What's the point of inductive proofs?

[TysonM8]

Ok, I'm really confused with the reasoning behind inductive proofs.

To prove some statement is true for all natural numbers, you need to assume the statement is true for some number k. But aren't you really assuming the statement is true for all natural numbers in the first place? If you can find some number k for which the statement isn't true, it is not true for k+1. So the statement HAS to be true for k, for it to be true for k+1. So aren't you just assuming a statement is true to prove it is true? Sounds like a circular argument to me.

Note: I've only just started learning inductive proofs so sorry if I've misunderstood something :)

 

[pwsnafu]

A few things. All math is "if A then B". With induction it's A = "proposition is true for k" and B = "proposition is true for k+1" Be aware there is a difference between assuming something is true and proving something is true.

That alone is not enough. What makes it work is the base case. Let's pick k=2. We prove the statement directly for k=2.
Then we know it is true for k=2 (this is "A") therefore it is now true for k=3 (this is "B").
Then we know it is true for k=3 (this is "A") therefore it is now true for k=4 (this is "B").
And so on. It's dominoes falling. The base case is the initial push, and the induction step is the dominoes hitting the next one.

 

[mfb]

Oh ok, I understand. But I still don't see the point of it if you can find cases where induction fails

Induction does not fail.

If you can do a "proof" by induction and then prove it wrong by contradiction

You cannot, unless you made an error somewhere.

 

[HallsofIvy]

By the way, I would never use the phrase "inductive proof". It is too easy to confuse that with "inductive reasoning" which quite a different thing. Use instead "proof by induction".

To prove some statement is true for all natural numbers, you need to assume the statement is true for some number k. But aren't you really assuming the statement is true for all natural numbers in the first place?

No, you are not. "Proof by induction" requires two things:
(1) prove the statement is true for n= 1 (or, more generally, n= 0 or some other starting value).
(2) prove that "if the statement is true for k then it is true for k+ 1".
"k" is always a single positive integer, not "all natural numbers".

One could now reason "I have proved the statement true for k= 1 so, by (2), it is true for k+ 1= 1+ 1= 2. I have now proved it is true for k= 2 so, by (2), it is true for k+ 1= 2+ 1= 3. I have now proved it is true for k= 3 so, by (2), it is true for k+1= 3+ 1= 4. ..." "Proof by induction" is just a short way of stating that obvious infinite sequence.

 

[D H]

Ok, I'm really confused with the reasoning behind inductive proofs.

To prove some statement is true for all natural numbers, you need to assume the statement is true for some number k.
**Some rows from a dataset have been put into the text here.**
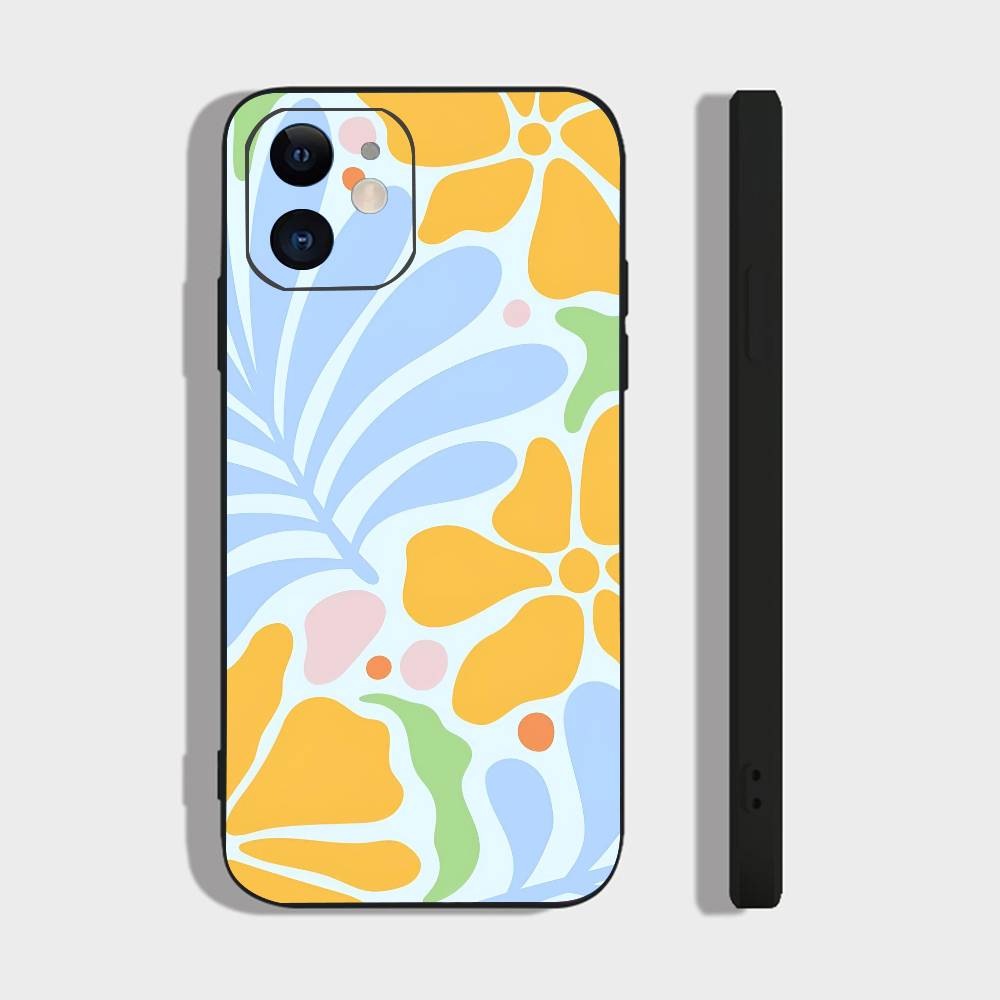 Art Flower For IPhone 13,17,11,12,16,14,15,Plus,Pro Max Soft Silicone Black Phone Case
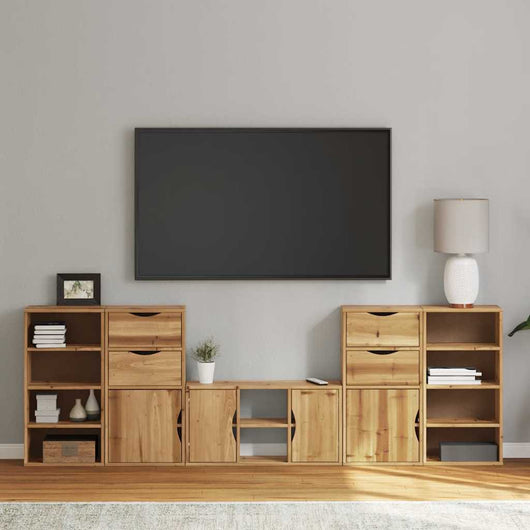 Mobile TV 5 pz-Mobile per TV-Credenza TV con Contenitore ODDA in Legno Massello di Pino 266043
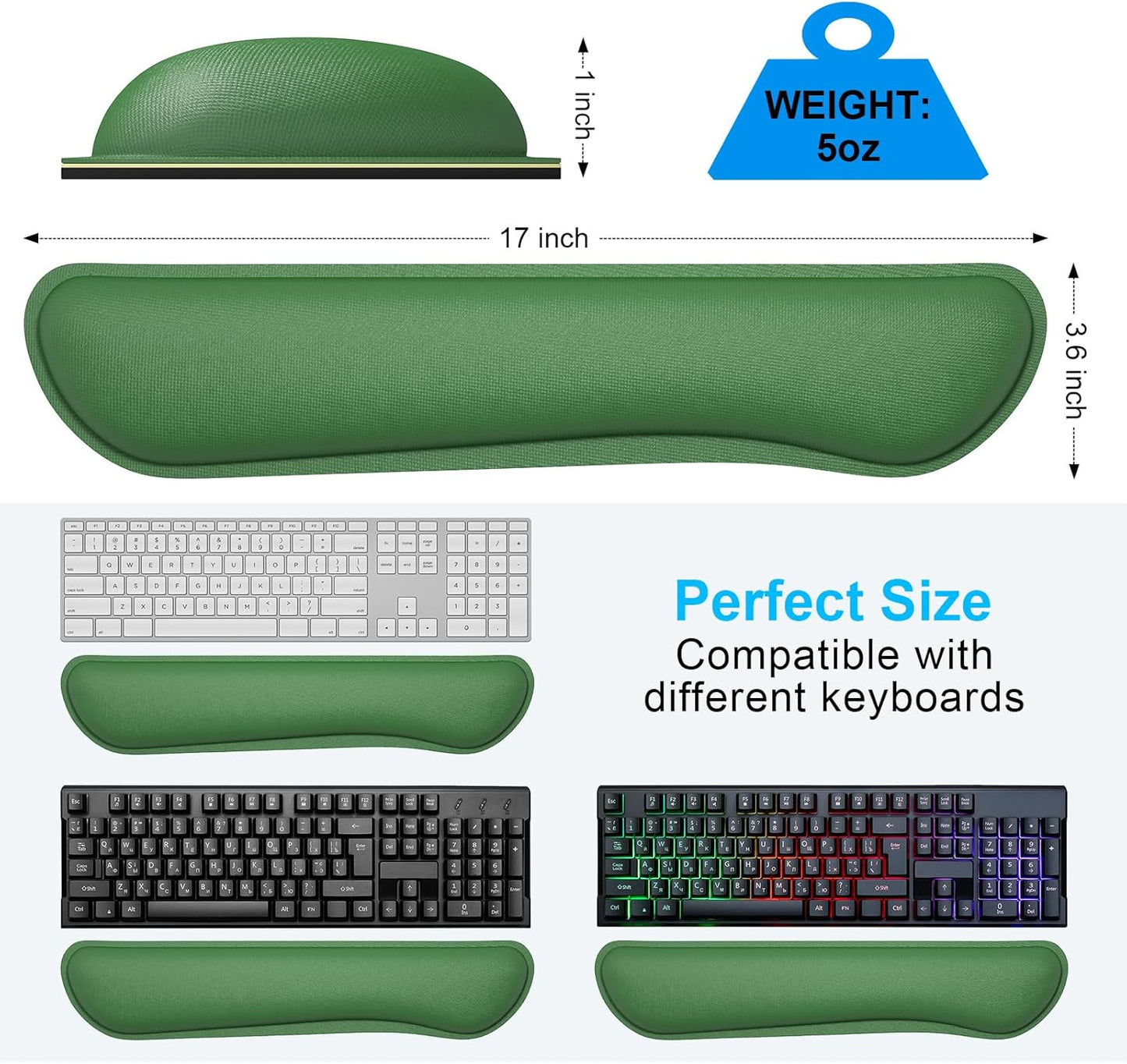 Dapesuom Enlarge Keyboard Wrist Rest, Memory Foam Keyboard Wrist Cushion for Computer Desk Mats Support, Typing Pain Relief Ergonomic Mouse Pad Rests with Non-Slip Base for Gaming Laptop, Forest Green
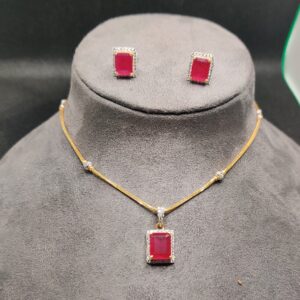 22k diamond fancy chain pendant Set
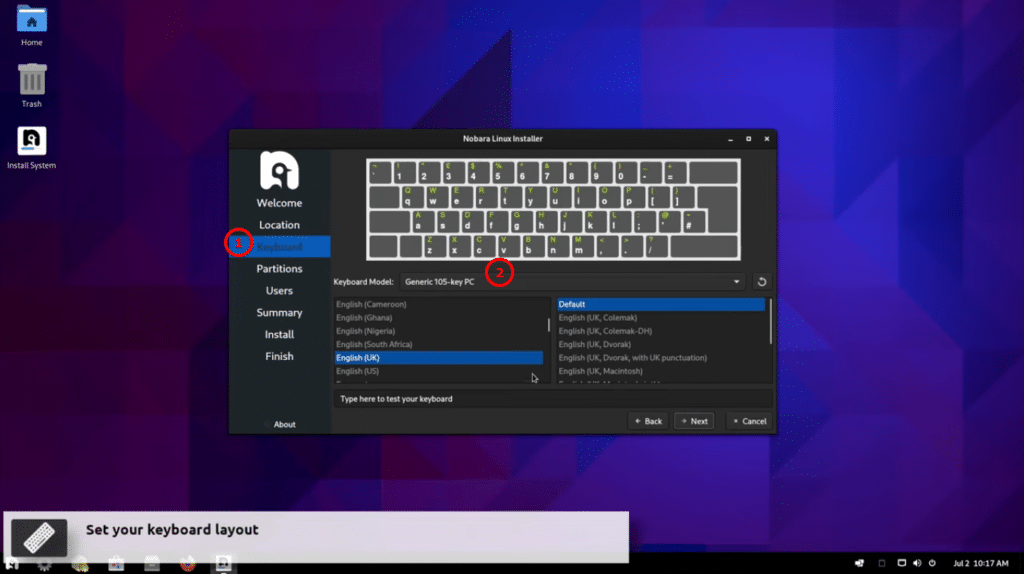 Select your Keyboard Layout.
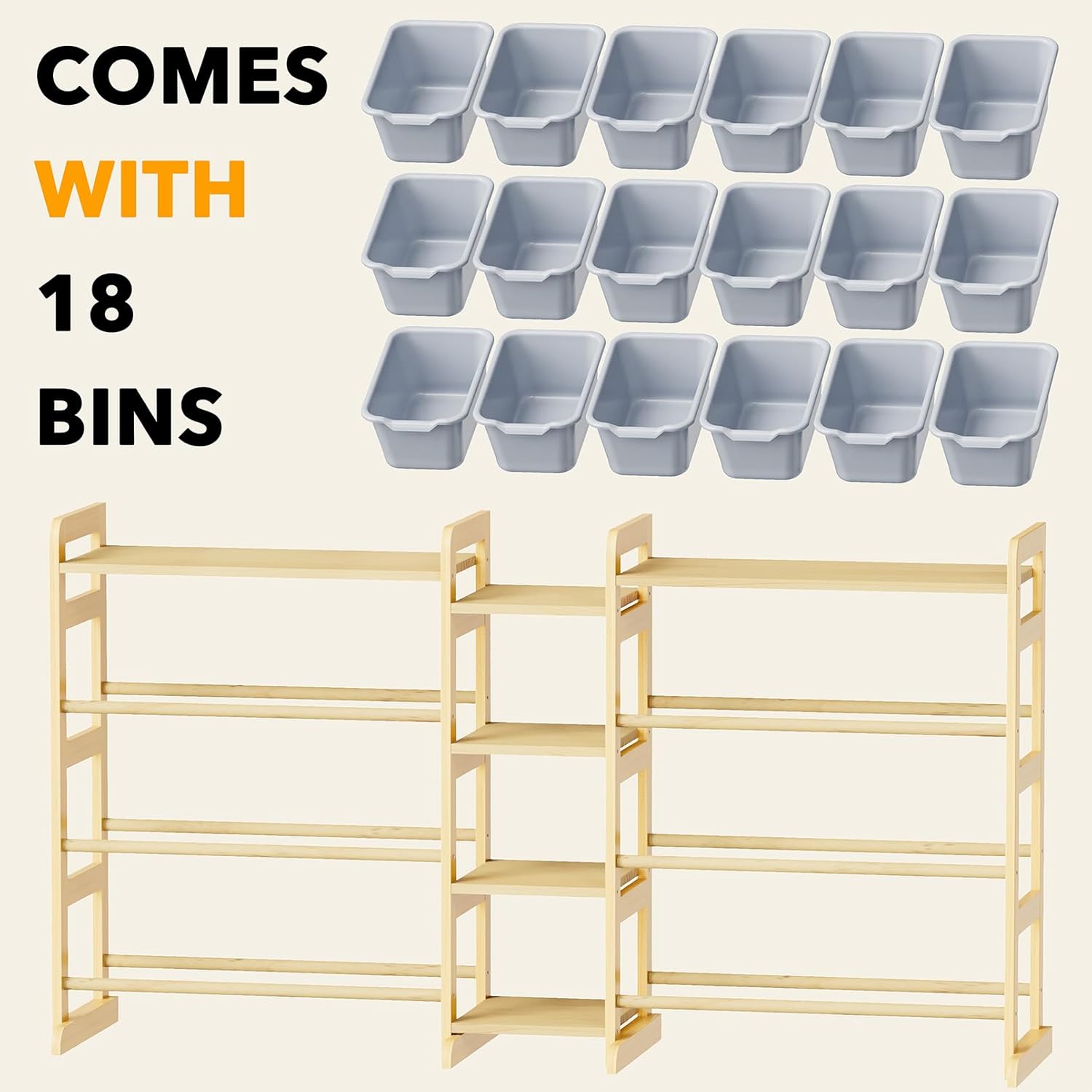 SpaceAid Large Toy Storage Organizer with 6 Shelves and 18 Bins, Book Shelf Organizers Storage Bookshelf, Kids Bin Shelf Box Bookcase for Bedroom Playroom Organization Room Decor, White
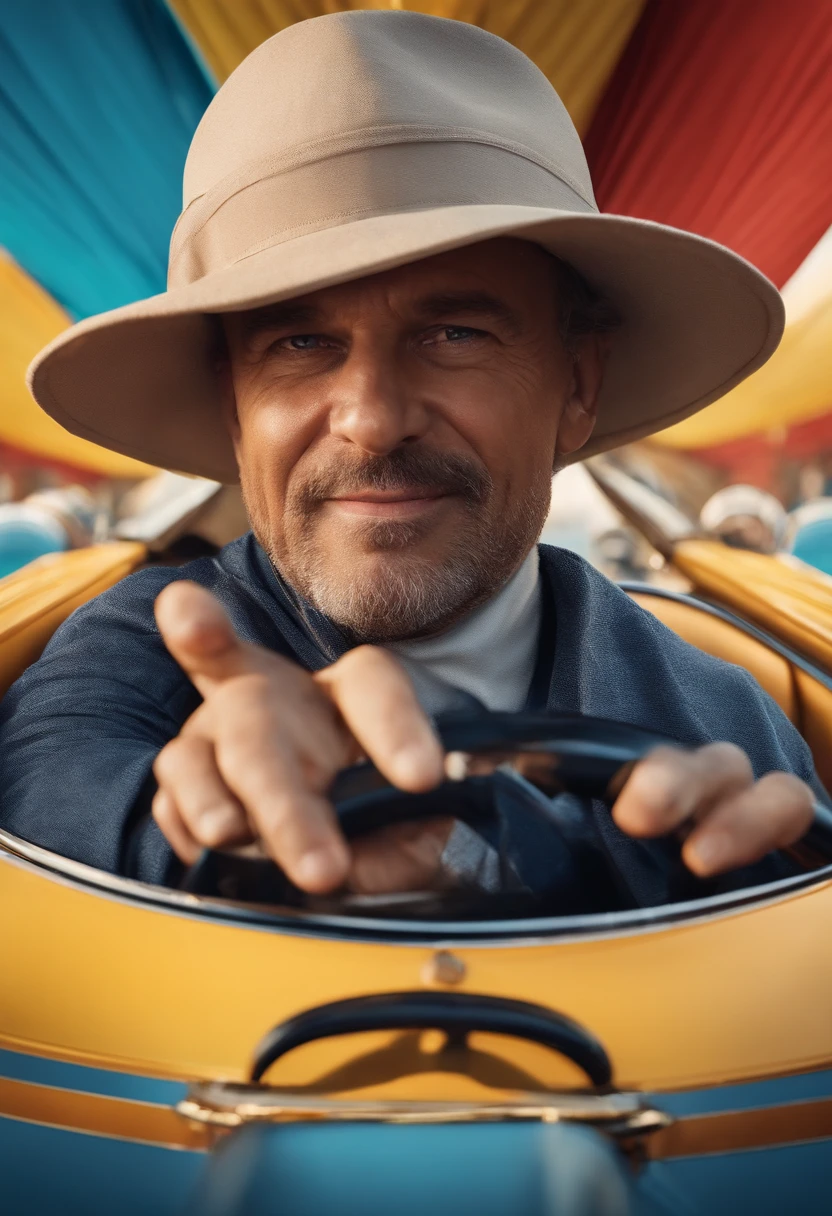 A 3D movie poster in Disney-Pixar style of Homem em um carro com capuz, a picture inspired by Ernő Bánk, instagram, Tachisme, Homens de 45 anos, Homem de 4 0 anos, Fotografia selfie 8k, Homem de 5 0 anos, ele tem cerca de 40 anos, ele tem cerca de 4 0 anos de idade, 38 anos
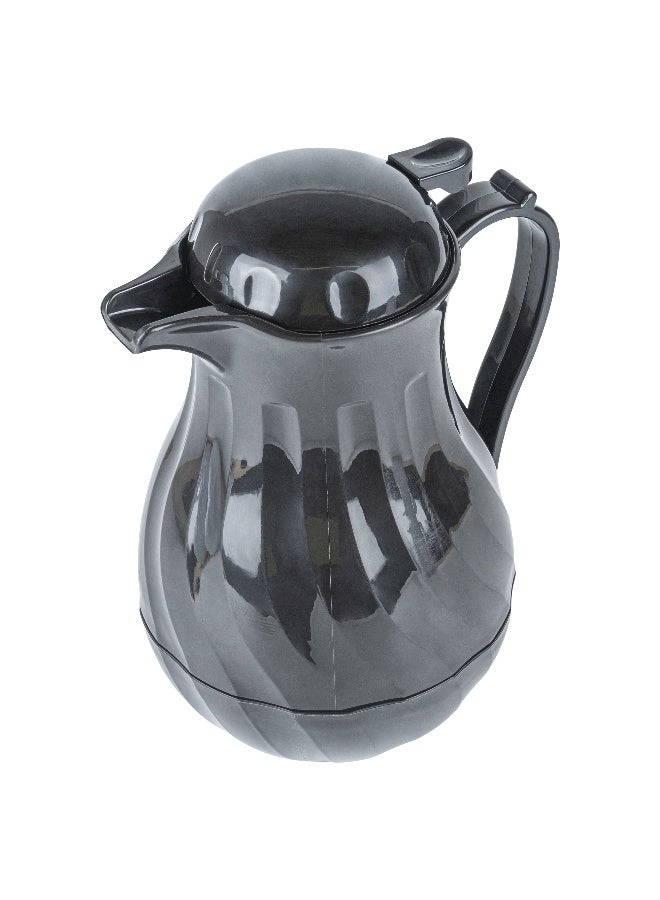 Restaurantware Restpresso 64 Ounce Coffee Carafes, 10 Insulated Coffee Servers - Push-Button Top, Swirl Design, Black Plastic Coffee Pitchers, Built-In Handle, With Identification Tags  - Image 1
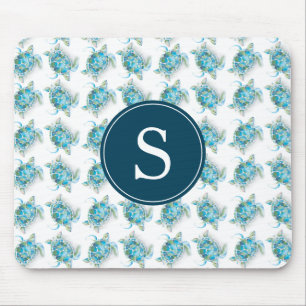Monogram Zee schildpad turquoise blauw Muismat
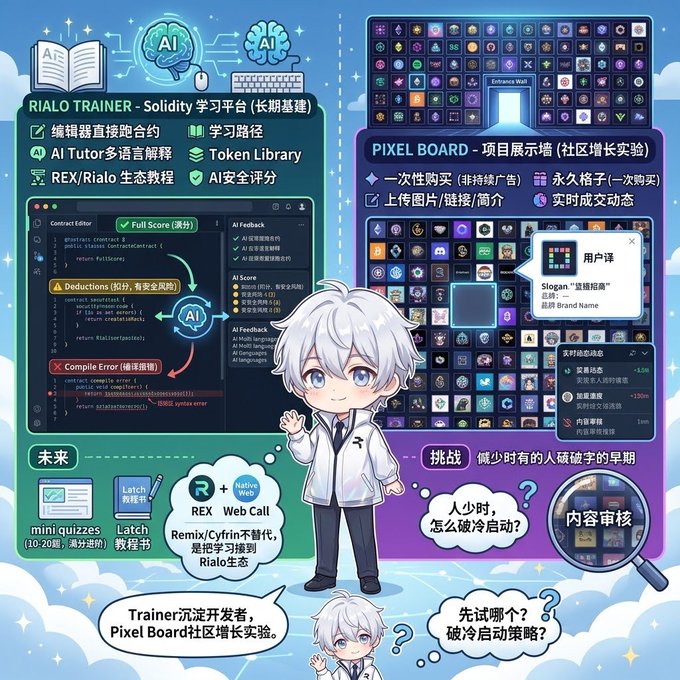 An anime-style promotional graphic featuring a silver-haired character in a lab coat presenting 'RIALO TRAINER - Solidity' learning platform and 'PIXEL BOARD' project showcase with Chinese text describing features and challenges.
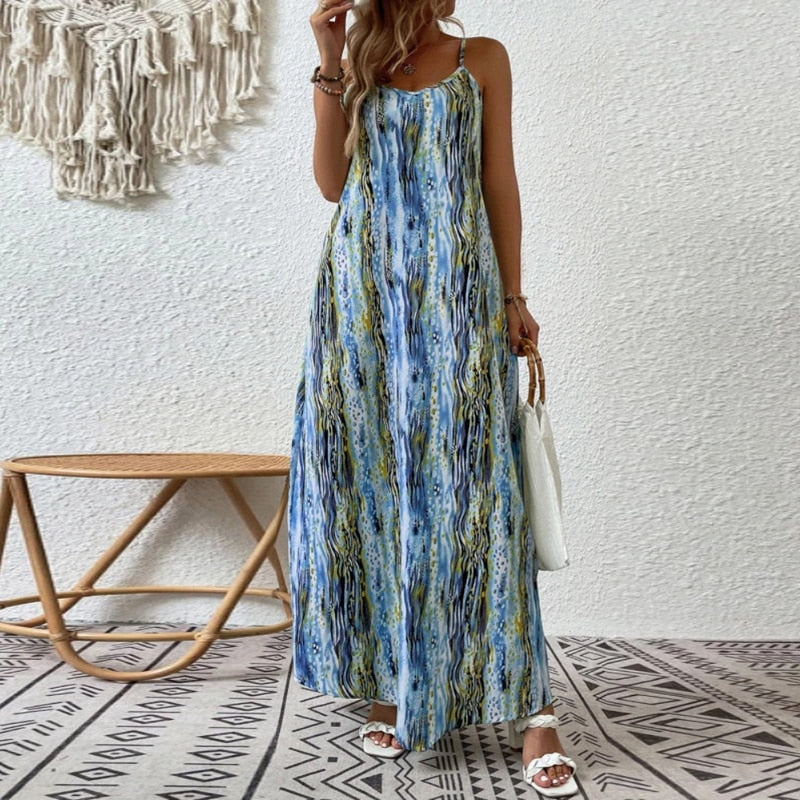 Vintage Print Beach Dress, Spaghetti Strap Bohe Dress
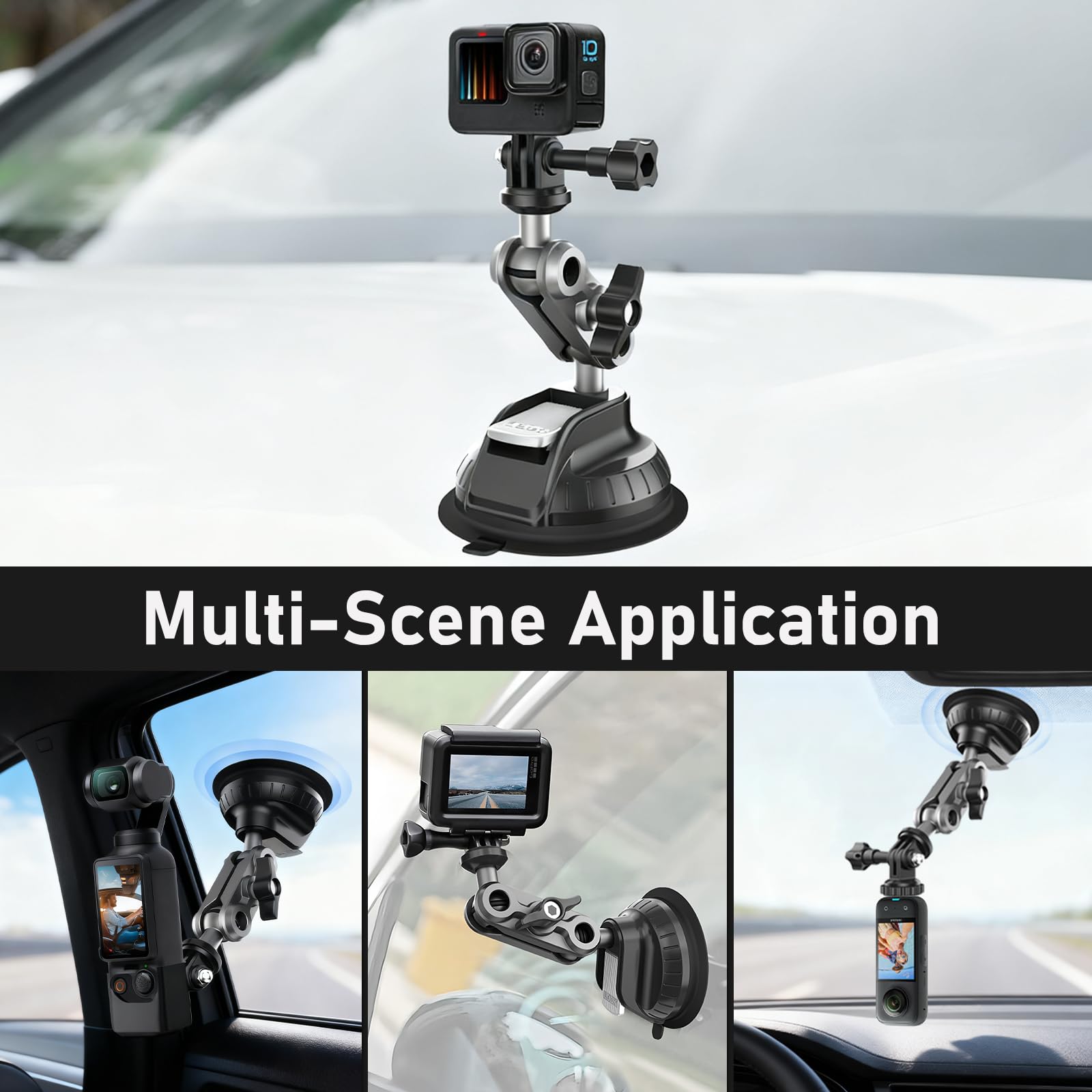 Wiseten Suction Cup Mount - Soporte de Ventosa para dji Osmo Pocket 4 3 Action 5 Pro 4 con Ventosa para Insta360 X5 X4 GoPro Hero 13 12, Montaje en Parabrisas o Ventana del Coche
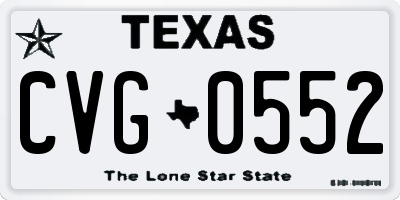 TX license plate CVG0552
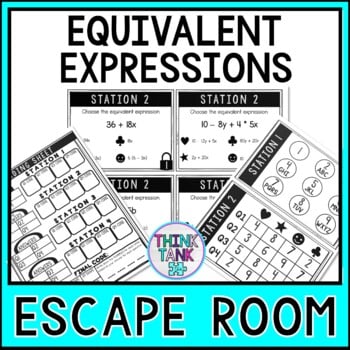 Equivalent Expressions MATH Escape Room - Common Core - 6.EE.3 and 6.EE.4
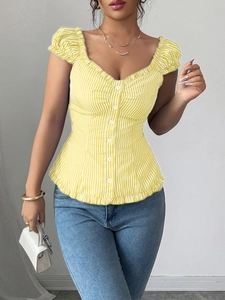 Elegant yellow and white striped blouse with square neck and ruffled hem detail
But aren't you really assuming the statement is true for all natural numbers in the first place? If you can find some number k for which the statement isn't true, it is not true for k+1. So the statement HAS to be true for k, for it to be true for k+1. So aren't you just assuming a statement is true to prove it is true? Sounds like a circular argument to me.

Note: I've only just started learning inductive proofs so sorry if I've misunderstood something :)

What you are missing is the base case. To prove something by induction you need to prove

1. That if the hypothesis is true for some number k then it is true for k+1.
2. That the hypothesis is true for k=1.

The first item that one needs to prove is called the inductive step. The second item is called the base case. Both are needed for induction. The inductive step doesn't stand by itself; what if the hypothesis isn't true for k? The base case and the inductive step together are what prove the hypothesis true for all k.

Suppose you have proved the inductive step and the base case for some hypothesis. Start with k=1. We know that the hypothesis is true here because you proved it. The inductive step says that the hypothesis is true for k=2. Applying the inductive step to the case k=2 means the hypothesis is also true for k=3. And so on. Once you have the inductive step and the base case proven, the hypothesis is necessarily true for all natural numbers.

 

[Axiomer]

I like thinking of induction by thinking of an infinite sequence of dominoes. The base case proves that the first domino falls over. The inductive step proves that if some domino falls over, then the next domino will necessarily fall over. Knowing that these two claims are true, we are reasonably convinced that every domino in the sequence will eventually fall over.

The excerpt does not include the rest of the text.